Our Favorite Cathedral Window Jelly Dessert

 

 

Cathedral Window Jelly Dessert – I can’t get enough of this cathedral window jelly after.

This jelly dessert consists of cubed colored gelatin embedded in a creamy mold. My family usually serves this during the holidays, hence the red, and green gelatin. However it doesn’t mean you can’t have it the rest of the year. I used a silicone polymer pan however you will use any mold you prefer.

Here’s a recipe from Cathedral Window Jelly Dessert.

INGREDIENTS
Colored Gelatin
1 (3oz/85g) box of strawberry jelly powder
1 (3oz/85g) box of lime jelly powder
1 (3oz/85g) box of lemon or mango jelly powder
1 cup boiling water per 3 oz box
⅓ cup cold water per 3 oz box
Cream Jelly
½ cup pineapple juice
½ cup condensed milk
½ cup heavy cream
4 tbsp sugar
¼ tsp salt
1 ½ cups water
3 tbsp unflavoured gelatin
1 cup boiling water

INSTRUCTIONS

1.In three separate mixing bowls, completely dissolve the contents of each envelope of flavored jelly powder in 1 cup boiling water.

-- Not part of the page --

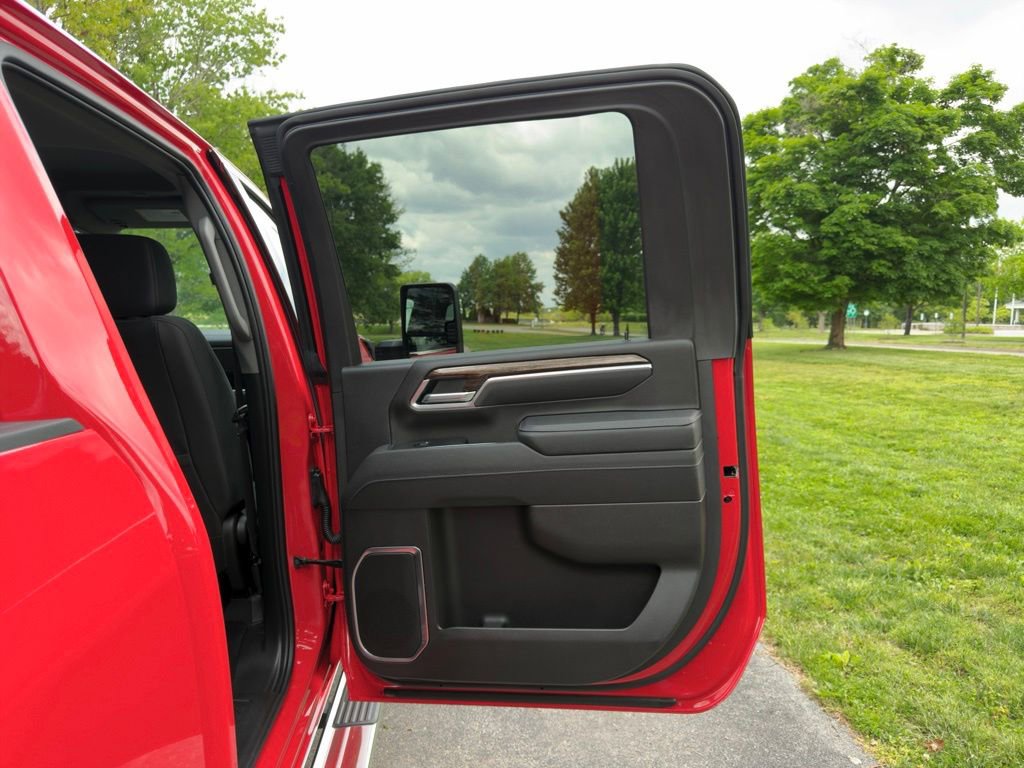 Used 2025 GMC Sierra 2500 SLE AWD/4WD image 25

Stir in ⅓ cup cold water to each. Transfer each gelatin flavor in square or rectangular containers and refrigerate until they set. Cut the flavored gelatin into cubes and arrange in your preferred jelly molds (I used a silicone bundt pan).
2.In a medium bowl, combine pineapple juice, condensed milk, heavy cream, sugar and salt. Stir with wire whisk until incorporated. Set aside.
3.In another mixing bowl, combine 1½ cup water and 3 tbsp unflavored gelatin powder. Stir until the powder completely dissolves. Allow the mixture to rest for 10 minutes.Gently add 1 cup boiling water to the gelatin mixture then continue stirring until the mixture is clear.
4.Pour the gelatin mixture into the milk mixture, whisking until well incorporated. Pour this gelatin-milk mixture evenly over the jelly cubes in the mold. Allow to set in the fridge for at least 4 hours or overnight.
5.To serve, turn the jelly dessert out onto a serving plate.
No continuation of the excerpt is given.